A pronounced handgrip helps the 1100D sit comfortably in the hand. Each button is large, labelled clearly, and good for beginners and those with big fingers. Most of the key functions have a designated button on the back of the body, all within thumb’s reach. These include ISO, white balance and drive mode. Three key buttons – quick menu, live view and exposure compensation – are handily placed at the top right of the screen, and these also double up as other functions. All the important manual controls are given a prime spot on the body, which should encourage the user to ‘discover’ them.
The quick menu button gives access to the key controls without having to trawl through the main menu. While in this menu, the shooting guide appears every time a new setting is selected to advise the user what it is for. This provides a second way of accessing the key controls and is easily navigated.
A shooting mode dial on the top accesses the usual exposure modes as well as a handful of standard scene modes, such as portrait, landscape and sports. These modes automatically set the exposure to achieve the best results, as does creative auto and the A-DEP option for automatic depth of field. Video shooting can also be found on the dial.
The crispness of detail captured by the kit lens in close-range subjects is impressive
Canon EOS cameras have had an easily navigated menu system for a while now, and current EOS users will be right at home here. As with the 60D and new 600D, the 1100D has a handy image-rating system in place: when images are imported to a computer, the star rating helps to organise files.
Instead of in-camera stabilisation, the 1100D relies on the 18-55mm f/3.5-5.6 IS II kit lens. Another 18-55mm kit lens is available without stabilisation, but this restricts usable shutter speeds.
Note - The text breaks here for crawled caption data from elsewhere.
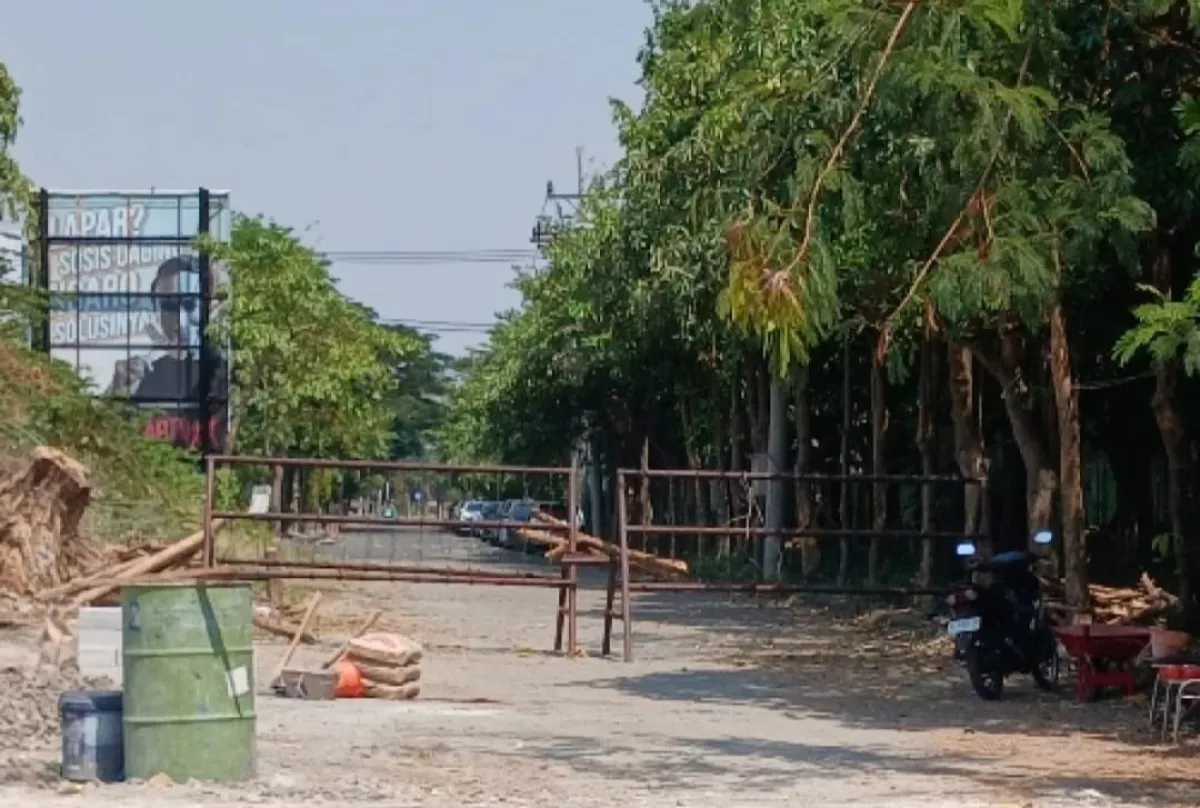 Pagar Besi Pemkab Gresik Hilang, Diduga Dicuri Oknum ASN Pakai Mobil Dinas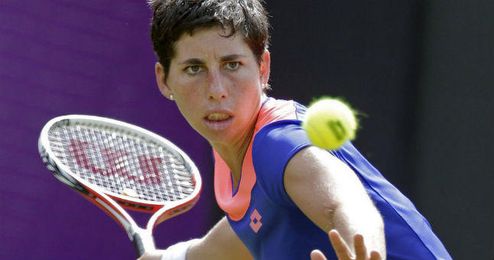Carla Suárez cara a cara con una pelota. Carla Suárez cara a cara con una pelota.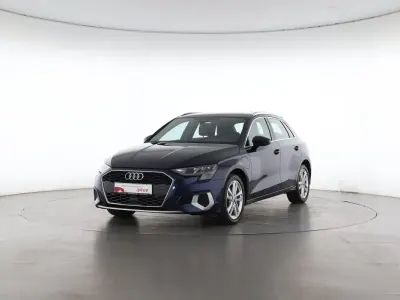 Gebraucht Audi A3 Sportback e-tron Advanced Plus 204 PS (150 kW) 2024 Navarrablau Kleinwagen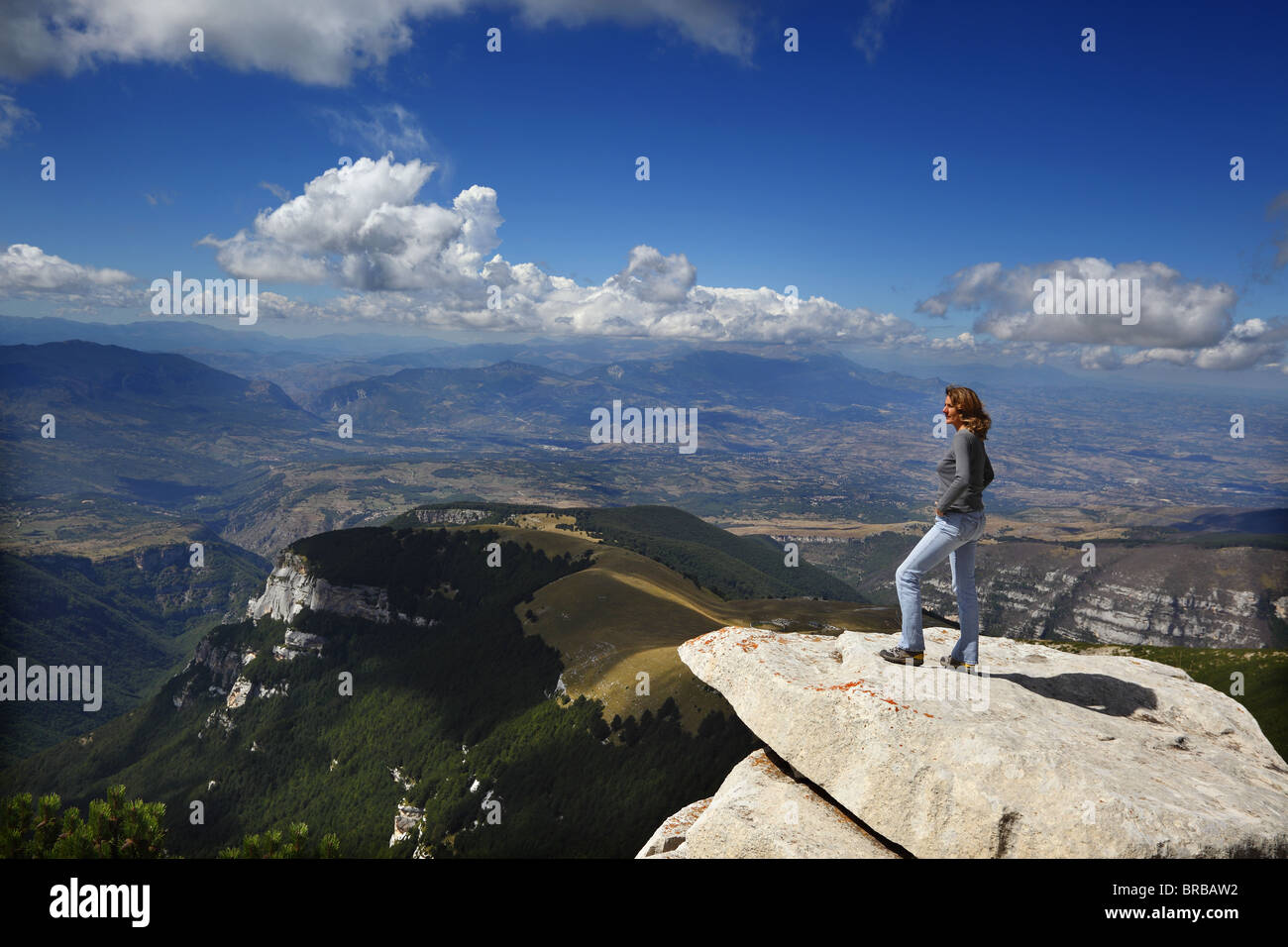 Vue à travers les Abruzzes du Blockhaus près de Chieti, Italie. Banque D'Images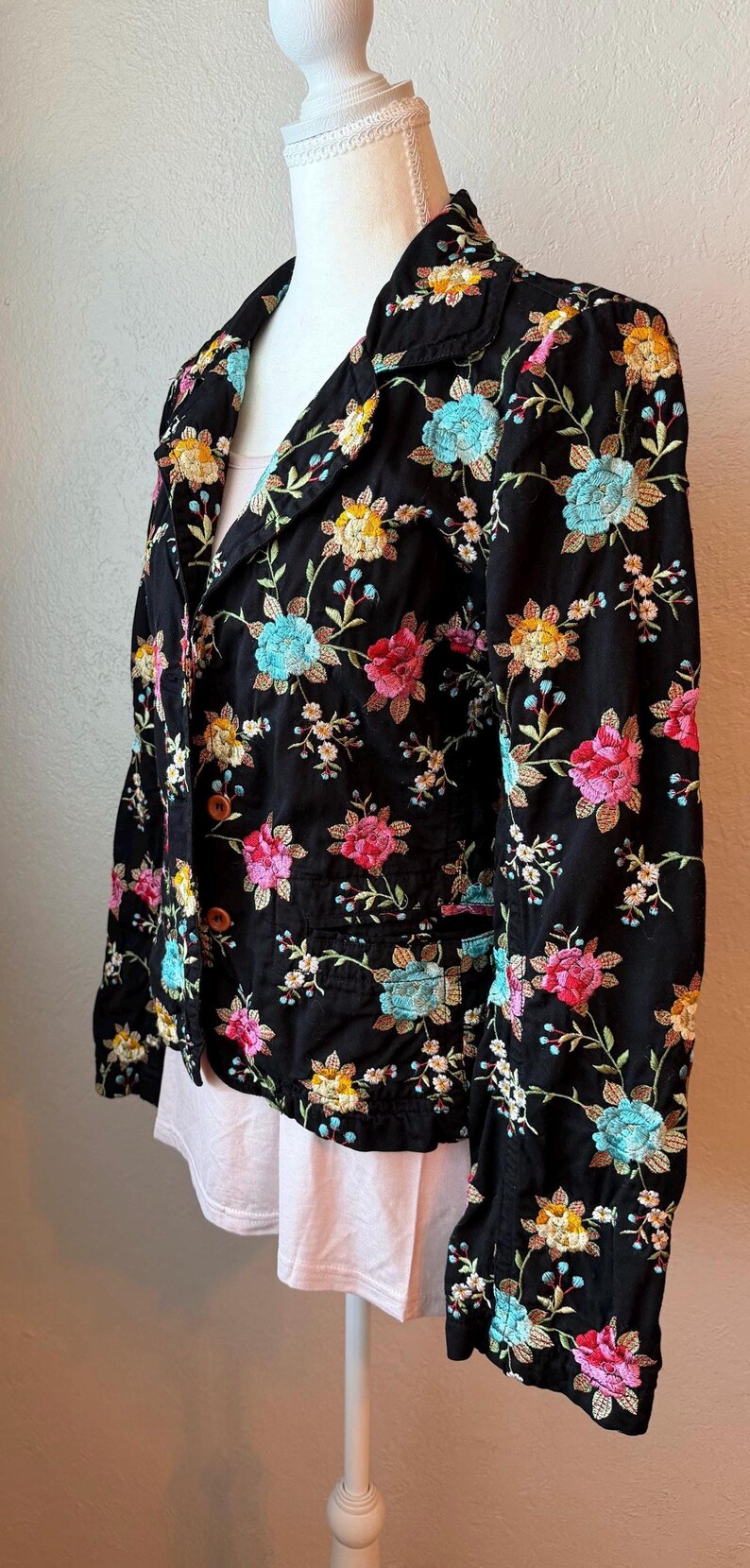 GORGEOUS Johnny Was Floral Embroidered Button Jacket Black SZ S Long Sleeve image 16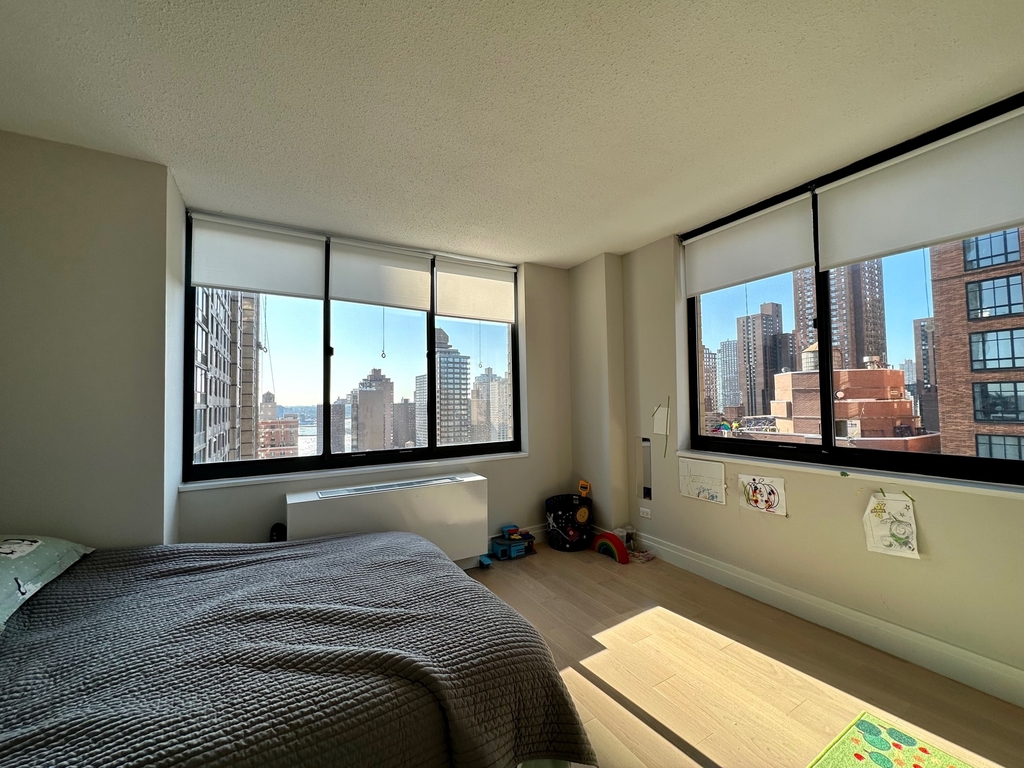 205 East 95th Street - Photo 7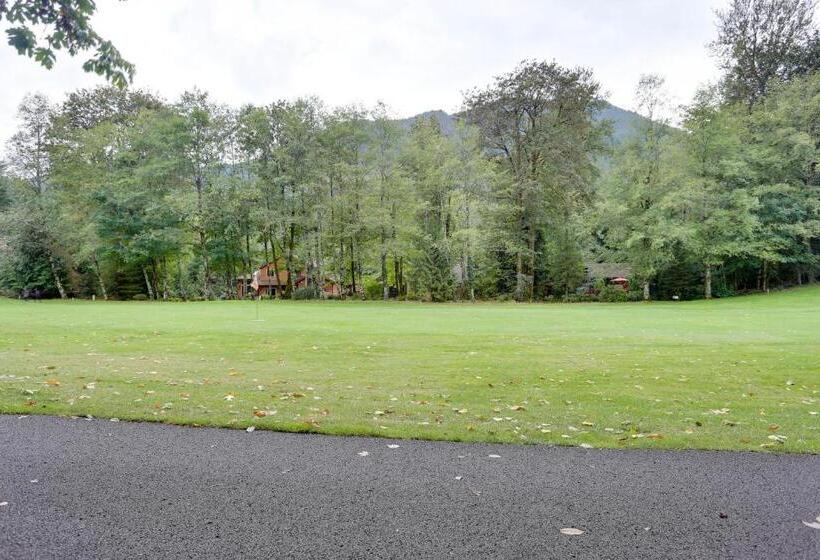 Апартаменты 3 Спальни, Welches Fairway Retreat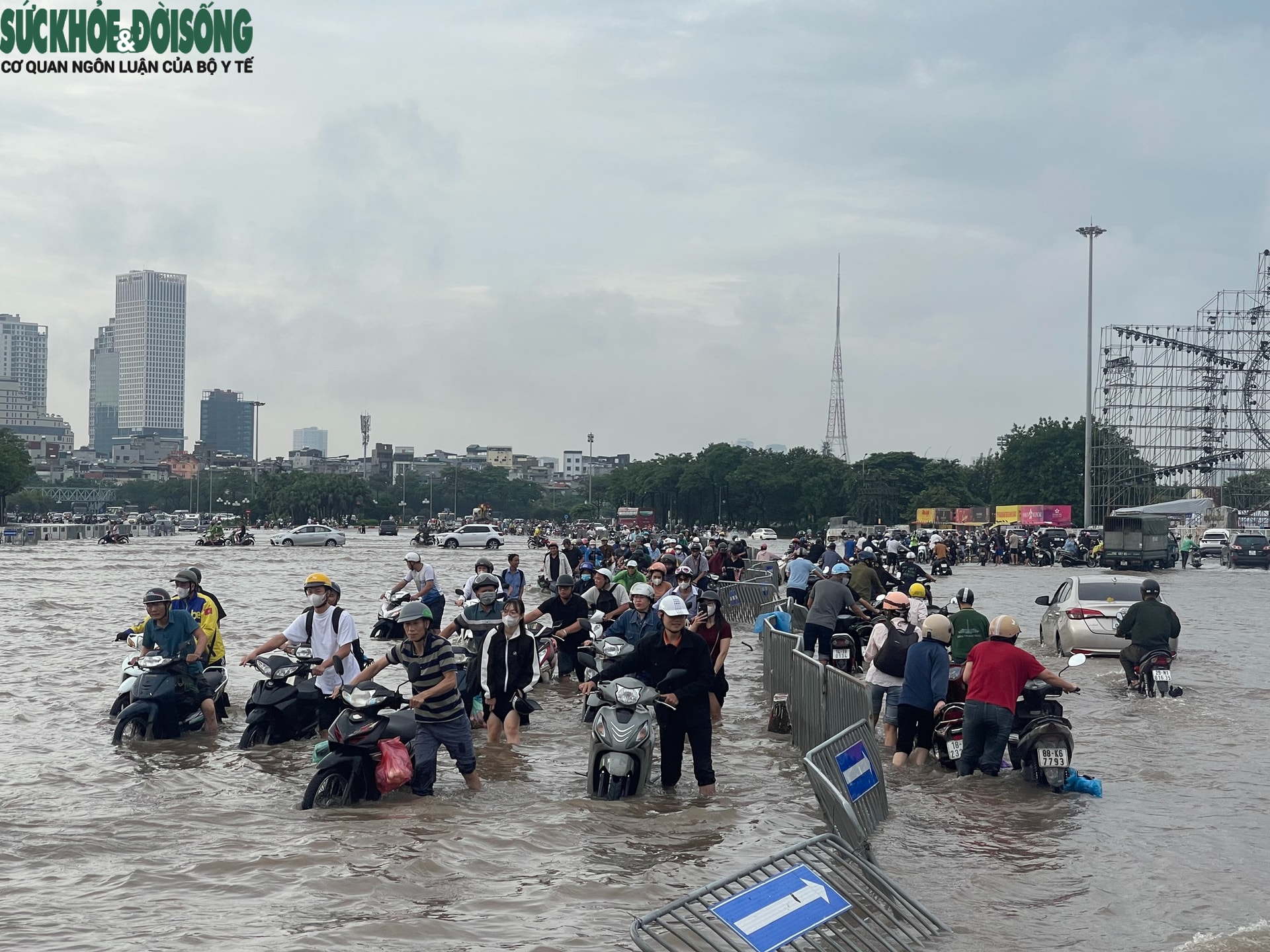 Hà Nội sau mưa lớn, người dân bì bõm giữa 'biển nước' trong giờ cao điểm - Ảnh 2.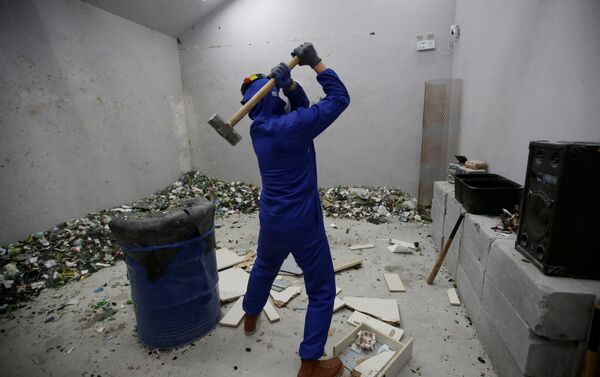غرفة الغضب في بكين - أحد الزوار يحطم قطعة أثاث بواسطة شاكوش، الصين 12 يناير/ كانون الثاني 2019 - سبوتنيك عربي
With a steady hand, the 4EV stabilisation allows shutter speeds of around 1/10sec for sharp images.
The pop-up flash has a guide number of 9.2m @ ISO 100. For greater flash control and output, the 1100D is compatible with all Canon EF flashguns, which are connected via the hotshoe.
Those considering replacing their 1000D with this updated model should note that their current batteries will not work with the 1100D. It has a new battery type, which Canon claims will give 700 exposures on a full charge.
The company is making no bones about the 1100D’s target entry-level audience – the camera is small, lightweight, easily navigated and feels like a budget-price model.